Your objective> Since the data must remain as supplied, reproduce it word for word.
======
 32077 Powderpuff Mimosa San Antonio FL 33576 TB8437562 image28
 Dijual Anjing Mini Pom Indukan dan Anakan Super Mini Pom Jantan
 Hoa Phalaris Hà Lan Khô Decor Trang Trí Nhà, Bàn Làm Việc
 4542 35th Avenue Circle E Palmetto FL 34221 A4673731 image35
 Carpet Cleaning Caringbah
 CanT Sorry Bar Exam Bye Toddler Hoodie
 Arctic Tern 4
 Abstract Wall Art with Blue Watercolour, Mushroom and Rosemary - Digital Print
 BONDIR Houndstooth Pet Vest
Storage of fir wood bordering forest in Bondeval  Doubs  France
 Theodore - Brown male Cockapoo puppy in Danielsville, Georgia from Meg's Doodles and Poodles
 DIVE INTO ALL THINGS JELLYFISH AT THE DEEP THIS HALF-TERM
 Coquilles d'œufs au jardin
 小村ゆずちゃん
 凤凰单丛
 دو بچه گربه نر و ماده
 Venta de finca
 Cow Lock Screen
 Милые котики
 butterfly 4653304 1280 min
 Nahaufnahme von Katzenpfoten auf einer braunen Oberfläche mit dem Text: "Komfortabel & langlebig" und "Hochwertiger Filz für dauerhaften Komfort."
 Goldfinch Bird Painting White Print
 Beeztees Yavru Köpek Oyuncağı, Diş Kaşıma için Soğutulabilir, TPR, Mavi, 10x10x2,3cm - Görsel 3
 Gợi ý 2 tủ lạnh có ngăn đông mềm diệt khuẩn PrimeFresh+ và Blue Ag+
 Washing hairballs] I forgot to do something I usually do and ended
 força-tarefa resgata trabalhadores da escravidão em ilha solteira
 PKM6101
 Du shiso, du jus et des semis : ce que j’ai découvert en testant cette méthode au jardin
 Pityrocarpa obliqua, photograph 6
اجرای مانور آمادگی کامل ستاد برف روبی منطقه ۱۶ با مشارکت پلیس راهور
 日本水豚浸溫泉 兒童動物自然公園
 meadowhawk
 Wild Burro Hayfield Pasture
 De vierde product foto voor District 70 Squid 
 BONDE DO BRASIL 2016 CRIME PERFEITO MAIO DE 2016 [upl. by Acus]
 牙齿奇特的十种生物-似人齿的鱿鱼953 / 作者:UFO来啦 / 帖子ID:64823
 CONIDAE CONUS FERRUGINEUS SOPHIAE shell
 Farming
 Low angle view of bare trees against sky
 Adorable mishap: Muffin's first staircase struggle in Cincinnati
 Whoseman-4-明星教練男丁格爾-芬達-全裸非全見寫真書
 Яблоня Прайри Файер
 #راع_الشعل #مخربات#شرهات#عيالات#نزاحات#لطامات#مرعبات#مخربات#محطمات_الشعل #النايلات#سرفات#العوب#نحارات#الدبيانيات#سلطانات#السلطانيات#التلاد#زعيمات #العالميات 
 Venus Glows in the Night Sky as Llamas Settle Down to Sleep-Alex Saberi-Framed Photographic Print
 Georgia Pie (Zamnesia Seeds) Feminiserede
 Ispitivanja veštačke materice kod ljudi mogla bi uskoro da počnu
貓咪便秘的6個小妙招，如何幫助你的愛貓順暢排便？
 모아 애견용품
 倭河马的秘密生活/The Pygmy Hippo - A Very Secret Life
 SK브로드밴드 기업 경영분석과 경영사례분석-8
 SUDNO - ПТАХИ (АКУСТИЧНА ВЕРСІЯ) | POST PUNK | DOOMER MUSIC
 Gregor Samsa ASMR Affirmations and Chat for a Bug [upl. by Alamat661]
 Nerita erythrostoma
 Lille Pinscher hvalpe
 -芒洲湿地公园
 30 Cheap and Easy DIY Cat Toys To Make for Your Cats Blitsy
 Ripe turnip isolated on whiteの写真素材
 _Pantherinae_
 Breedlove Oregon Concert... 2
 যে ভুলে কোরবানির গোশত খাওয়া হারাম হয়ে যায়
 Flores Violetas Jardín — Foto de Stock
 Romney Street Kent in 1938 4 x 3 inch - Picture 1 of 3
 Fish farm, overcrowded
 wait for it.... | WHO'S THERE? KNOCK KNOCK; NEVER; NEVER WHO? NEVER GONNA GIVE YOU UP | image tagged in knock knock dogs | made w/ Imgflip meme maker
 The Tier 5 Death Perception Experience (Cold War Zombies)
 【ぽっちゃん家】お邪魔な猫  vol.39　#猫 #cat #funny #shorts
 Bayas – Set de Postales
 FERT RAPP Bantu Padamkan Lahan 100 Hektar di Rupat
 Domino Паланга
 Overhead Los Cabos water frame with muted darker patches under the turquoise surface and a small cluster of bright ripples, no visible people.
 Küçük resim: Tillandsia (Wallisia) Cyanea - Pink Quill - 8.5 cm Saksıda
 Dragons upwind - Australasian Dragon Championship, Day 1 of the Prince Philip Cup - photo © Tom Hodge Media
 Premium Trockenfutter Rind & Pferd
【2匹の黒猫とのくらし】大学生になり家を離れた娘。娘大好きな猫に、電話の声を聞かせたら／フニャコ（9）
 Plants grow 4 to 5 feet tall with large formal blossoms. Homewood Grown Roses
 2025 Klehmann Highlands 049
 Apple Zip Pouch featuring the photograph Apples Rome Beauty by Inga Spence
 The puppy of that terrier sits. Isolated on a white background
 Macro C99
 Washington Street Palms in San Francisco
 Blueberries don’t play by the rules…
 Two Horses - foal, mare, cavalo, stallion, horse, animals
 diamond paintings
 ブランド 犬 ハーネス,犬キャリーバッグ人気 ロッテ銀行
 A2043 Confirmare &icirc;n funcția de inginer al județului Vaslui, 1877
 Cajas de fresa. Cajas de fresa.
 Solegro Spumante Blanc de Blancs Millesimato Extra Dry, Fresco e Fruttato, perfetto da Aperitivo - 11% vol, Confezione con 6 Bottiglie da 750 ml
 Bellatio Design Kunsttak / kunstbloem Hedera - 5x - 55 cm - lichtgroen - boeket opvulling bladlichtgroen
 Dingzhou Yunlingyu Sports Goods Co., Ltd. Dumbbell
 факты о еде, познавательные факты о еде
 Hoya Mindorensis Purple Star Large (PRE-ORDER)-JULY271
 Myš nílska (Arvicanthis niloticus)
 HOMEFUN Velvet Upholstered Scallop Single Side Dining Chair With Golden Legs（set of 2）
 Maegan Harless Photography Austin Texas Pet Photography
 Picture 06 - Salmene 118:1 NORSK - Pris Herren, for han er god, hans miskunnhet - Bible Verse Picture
======
Result>
 32077 Powderpuff Mimosa San Antonio FL 33576 TB8437562 image28
 Dijual Anjing Mini Pom Indukan dan Anakan Super Mini Pom Jantan
 Hoa Phalaris Hà Lan Khô Decor Trang Trí Nhà, Bàn Làm Việc
 4542 35th Avenue Circle E Palmetto FL 34221 A4673731 image35
 Carpet Cleaning Caringbah
 CanT Sorry Bar Exam Bye Toddler Hoodie
 Arctic Tern 4
 Abstract Wall Art with Blue Watercolour, Mushroom and Rosemary - Digital Print
 BONDIR Houndstooth Pet Vest
Storage of fir wood bordering forest in Bondeval  Doubs  France
 Theodore - Brown male Cockapoo puppy in Danielsville, Georgia from Meg's Doodles and Poodles
 DIVE INTO ALL THINGS JELLYFISH AT THE DEEP THIS HALF-TERM
 Coquilles d'œufs au jardin
 小村ゆずちゃん
 凤凰单丛
 دو بچه گربه نر و ماده
 Venta de finca
 Cow Lock Screen
 Милые котики
 butterfly 4653304 1280 min
 Nahaufnahme von Katzenpfoten auf einer braunen Oberfläche mit dem Text: "Komfortabel & langlebig" und "Hochwertiger Filz für dauerhaften Komfort."
 Goldfinch Bird Painting White Print
 Beeztees Yavru Köpek Oyuncağı, Diş Kaşıma için Soğutulabilir, TPR, Mavi, 10x10x2,3cm - Görsel 3
 Gợi ý 2 tủ lạnh có ngăn đông mềm diệt khuẩn PrimeFresh+ và Blue Ag+
 Washing hairballs] I forgot to do something I usually do and ended
 força-tarefa resgata trabalhadores da escravidão em ilha solteira
 PKM6101
 Du shiso, du jus et des semis : ce que j’ai découvert en testant cette méthode au jardin
 Pityrocarpa obliqua, photograph 6
اجرای مانور آمادگی کامل ستاد برف روبی منطقه ۱۶ با مشارکت پلیس راهور
 日本水豚浸溫泉 兒童動物自然公園
 meadowhawk
 Wild Burro Hayfield Pasture
 De vierde product foto voor District 70 Squid 
 BONDE DO BRASIL 2016 CRIME PERFEITO MAIO DE 2016 [upl. by Acus]
 牙齿奇特的十种生物-似人齿的鱿鱼953 / 作者:UFO来啦 / 帖子ID:64823
 CONIDAE CONUS FERRUGINEUS SOPHIAE shell
 Farming
 Low angle view of bare trees against sky
 Adorable mishap: Muffin's first staircase struggle in Cincinnati
 Whoseman-4-明星教練男丁格爾-芬達-全裸非全見寫真書
 Яблоня Прайри Файер
 #راع_الشعل #مخربات#شرهات#عيالات#نزاحات#لطامات#مرعبات#مخربات#محطمات_الشعل #النايلات#سرفات#العوب#نحارات#الدبيانيات#سلطانات#السلطانيات#التلاد#زعيمات #العالميات 
 Venus Glows in the Night Sky as Llamas Settle Down to Sleep-Alex Saberi-Framed Photographic Print
 Georgia Pie (Zamnesia Seeds) Feminiserede
 Ispitivanja veštačke materice kod ljudi mogla bi uskoro da počnu
貓咪便秘的6個小妙招，如何幫助你的愛貓順暢排便？
 모아 애견용품
 倭河马的秘密生活/The Pygmy Hippo - A Very Secret Life
 SK브로드밴드 기업 경영분석과 경영사례분석-8
 SUDNO - ПТАХИ (АКУСТИЧНА ВЕРСІЯ) | POST PUNK | DOOMER MUSIC
 Gregor Samsa ASMR Affirmations and Chat for a Bug [upl. by Alamat661]
 Nerita erythrostoma
 Lille Pinscher hvalpe
 -芒洲湿地公园
 30 Cheap and Easy DIY Cat Toys To Make for Your Cats Blitsy
 Ripe turnip isolated on whiteの写真素材
 _Pantherinae_
 Breedlove Oregon Concert... 2
 যে ভুলে কোরবানির গোশত খাওয়া হারাম হয়ে যায়
 Flores Violetas Jardín — Foto de Stock
 Romney Street Kent in 1938 4 x 3 inch - Picture 1 of 3
 Fish farm, overcrowded
 wait for it.... | WHO'S THERE? KNOCK KNOCK; NEVER; NEVER WHO? NEVER GONNA GIVE YOU UP | image tagged in knock knock dogs | made w/ Imgflip meme maker
 The Tier 5 Death Perception Experience (Cold War Zombies)
 【ぽっちゃん家】お邪魔な猫  vol.39　#猫 #cat #funny #shorts
 Bayas – Set de Postales
 FERT RAPP Bantu Padamkan Lahan 100 Hektar di Rupat
 Domino Паланга
 Overhead Los Cabos water frame with muted darker patches under the turquoise surface and a small cluster of bright ripples, no visible people.
 Küçük resim: Tillandsia (Wallisia) Cyanea - Pink Quill - 8.5 cm Saksıda
 Dragons upwind - Australasian Dragon Championship, Day 1 of the Prince Philip Cup - photo © Tom Hodge Media
 Premium Trockenfutter Rind & Pferd
【2匹の黒猫とのくらし】大学生になり家を離れた娘。娘大好きな猫に、電話の声を聞かせたら／フニャコ（9）
 Plants grow 4 to 5 feet tall with large formal blossoms. Homewood Grown Roses
 2025 Klehmann Highlands 049
 Apple Zip Pouch featuring the photograph Apples Rome Beauty by Inga Spence
 The puppy of that terrier sits. Isolated on a white background
 Macro C99
 Washington Street Palms in San Francisco
 Blueberries don’t play by the rules…
 Two Horses - foal, mare, cavalo, stallion, horse, animals
 diamond paintings
 ブランド 犬 ハーネス,犬キャリーバッグ人気 ロッテ銀行
 A2043 Confirmare &icirc;n funcția de inginer al județului Vaslui, 1877
 Cajas de fresa. Cajas de fresa.
 Solegro Spumante Blanc de Blancs Millesimato Extra Dry, Fresco e Fruttato, perfetto da Aperitivo - 11% vol, Confezione con 6 Bottiglie da 750 ml
 Bellatio Design Kunsttak / kunstbloem Hedera - 5x - 55 cm - lichtgroen - boeket opvulling bladlichtgroen
 Dingzhou Yunlingyu Sports Goods Co., Ltd. Dumbbell
 факты о еде, познавательные факты о еде
 Hoya Mindorensis Purple Star Large (PRE-ORDER)-JULY271
 Myš nílska (Arvicanthis niloticus)
 HOMEFUN Velvet Upholstered Scallop Single Side Dining Chair With Golden Legs（set of 2）
 Maegan Harless Photography Austin Texas Pet Photography
 Picture 06 - Salmene 118:1 NORSK - Pris Herren, for han er god, hans miskunnhet - Bible Verse Picture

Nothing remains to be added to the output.